Sidney Davis, a 67-year-old former Merchant Marine, is doing his best not to be. He's spent his whole life here in the Lower Ninth Ward, and he is not anxious to move away from family and friends. He and his cousin rode out the storm together, and were taken by boat to the Superdome when the levies broke. They were shipped out to Texas, but started making their way back as soon as they could; both were back in the ward in FEMA trailers by December 2005. He began hearing tales of trouble early on. "FEMA knew, too, but they just ignored it," he says. Asked about relocating, Davis just shakes his head. "Where could you go to rent? The prices around here are sky high. So we are stuck." But he has high-blood pressure and diabetes, and FEMA's Paulison has said he wants to move the elderly and most vulnerable out of the trailers and into hotels and apartments within the next two weeks.

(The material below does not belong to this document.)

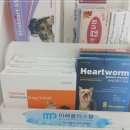 유림온누리약국 이미지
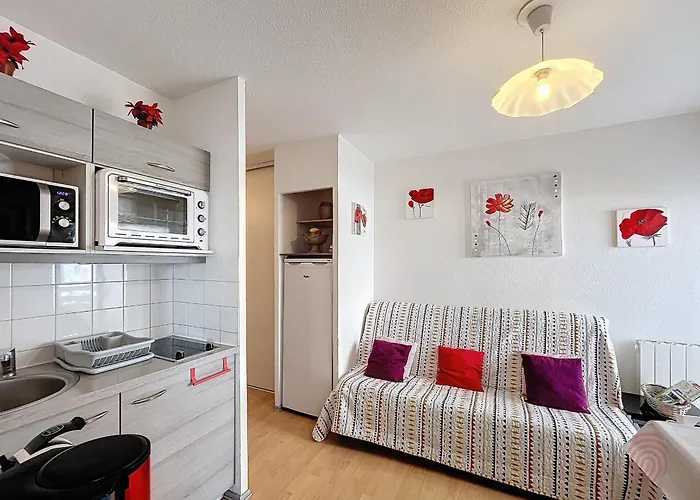 Apartamento Joli F2 Avec Balcon, Animaux Acceptes - Fr-1-451-216 *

Davis says he's a plumber's visit away from being able to move back into his house. In the meantime, he does what he can to avoid exposure to the formaldehyde. "If I didn't keep the windows open, my eyes would be running. I knew about formaldehyde, I learned about it in barber school," he says. "I didn't complain about it; at least I have somewhere to stay. But these weren't meant to be lived in--they aren't healthy, not healthy for me at all." For now, he's waiting for FEMA's call.